With another near miss on a grant application to replace aging fire engines, chief Christopher Carleton said the fire district needs to start planning on how they will fund equipment upgrades if grants aren’t available.

“Our fleet is drastically aging,” he told commissioners at their regular October 11 meeting.

In 2020, the ratings bureau will re-evaluate the fire department and set a rating to determine local insurance rates, Carleton said. Department improvements recently led to a lower rating, a positive improvement that saved some homeowner over $200 a year in insurance premiums. “Any apparatus over 25 years old is a minus and without changes in our fleet I can see our rating going up,” he said.

The district has two engines. “Big Red” was purchased new and custom built for the department in 1991, paid for through a voter-approved bond. The small engine, built in 1994, was purchased used in 2012 with reserve dollars. “Even though they look nice they are [23 and 26] years old,” Carleton said. “Our trucks are working but we just had to replace the tank of (Big Red). The public needs to understand we can’t show up with equipment that isn’t working.

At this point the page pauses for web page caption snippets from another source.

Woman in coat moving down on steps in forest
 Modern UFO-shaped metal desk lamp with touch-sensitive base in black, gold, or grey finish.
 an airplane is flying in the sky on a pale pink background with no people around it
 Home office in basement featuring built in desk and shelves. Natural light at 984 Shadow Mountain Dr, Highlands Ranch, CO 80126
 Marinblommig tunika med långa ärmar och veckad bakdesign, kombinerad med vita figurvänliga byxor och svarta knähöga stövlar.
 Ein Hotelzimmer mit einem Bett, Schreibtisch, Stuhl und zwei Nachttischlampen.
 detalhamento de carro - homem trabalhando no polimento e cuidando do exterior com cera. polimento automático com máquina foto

We need to have a fleet that will allow firefighters to do their best and that the community can be proud of.”

A new fire engine costs approximately $500,000 and that cost is increasing at approximately 3 percent annually, Carleton told the commissioners.

This year the department unsuccessfully applied for a $478,000 equipment grant. A similar application was also denied in 2016. “The good thing is that in these last two years we have made it past peer review, the last phase before being funded,” Carleton said. “Thousands of organizations don’t make it to that point.”

Carleton plans to apply again in 2018 and 2019 and has strategies in place to improve the competitiveness of the applications.

“If I can acquire a grant for one engine, we still need to replace the other one,” Carleton said, and other vehicles in the fleet, including the ambulances and staff vehicles, are all getting older. “I am trying to get everything up to today’s standards. We are so far behind but we can’t really catch up by buying just one rig.”

While continuing to apply for grants Carleton said the district needed to start discussions about formulating and funding a strategic equipment replacement program that won’t always leave the department playing catch-up.

“We can’t keep doing what we’ve been doing and buying equipment that will only serve up adequately for five to six years.”